Letter to the Editor published in the Victoria Times Colonist, 26 July 2004
Re: “Ottawa should invest in the West,” July 15.
As a trained historian, I would like to clarify a recent editorial on the pattern of economic development in B.C. From a historical standpoint, investment in infrastructure offers no panacea for economic success. Nor does the exploitation of new resources.
Billions of dollars in public funds have built up our rail, road and energy infrastructure. However, as the editorial points out, resource communities suffer from staggering levels of poverty, unemployment and related social ills. At Port Hardy, a clear majority of people are without regular work.
This is not due to a lack of resources. Billions of board feet of lumber, billions of tonnes of coal, iron and other minerals, billions of fish, have been extracted from our land and waters.
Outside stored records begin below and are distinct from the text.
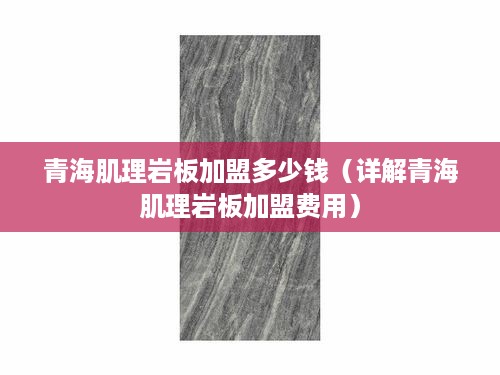 青海肌理岩板加盟多少钱（详解青海肌理岩板加盟费用）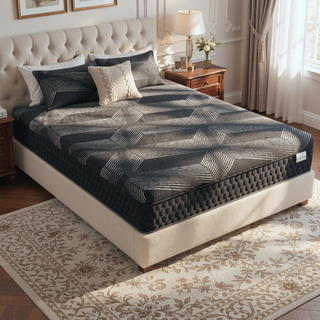 Sunvega Diamond Matrix Copper Cooling Hybrid Waterfall Top Mattress with Medium Feel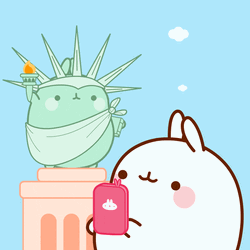 New York City Molang GIF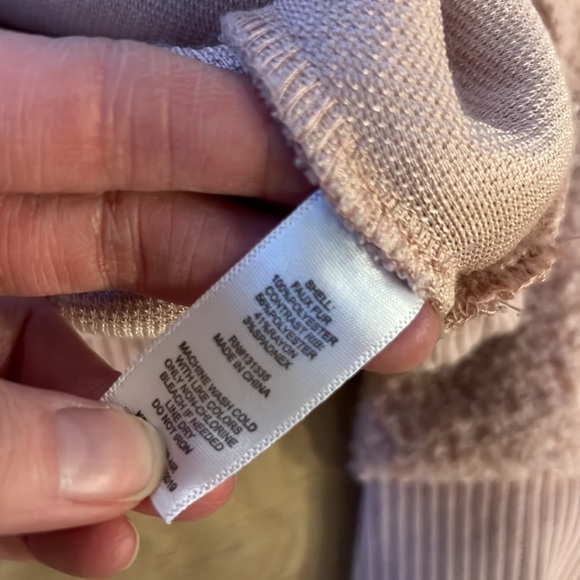 Socialite Nordstrom Teddy Sherpa Sweatshirt XL - Picture 4 of 5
A tremendous amount of wealth has been produced through the extraction of natural resources, and yet our resource communities remain impoverished.
Premier Gordon Campbell and his cohorts are misguided when they call for public-private investment in transportation infrastructure and the opening up of oilwells on our fragile coastline. The problem is not a scarcity of resources or infrastructure but an imbalance in how resources are distributed.
If our existing resource base was used wisely, and the fruits distributed fairly, there would be enough work for everyone. Tenure in our forests and fisheries could be held by communities, rather than corporations, with greater potential for value-added and related economic benefits. Environmental stewardship could be incorporated into community decision-making, rather than dismissed by external shareholders.
Such a model of economic development is possible. It is being practised in communities such as Revelstoke, Canoe and Mission. But don’t expect Campbell to tell you about it.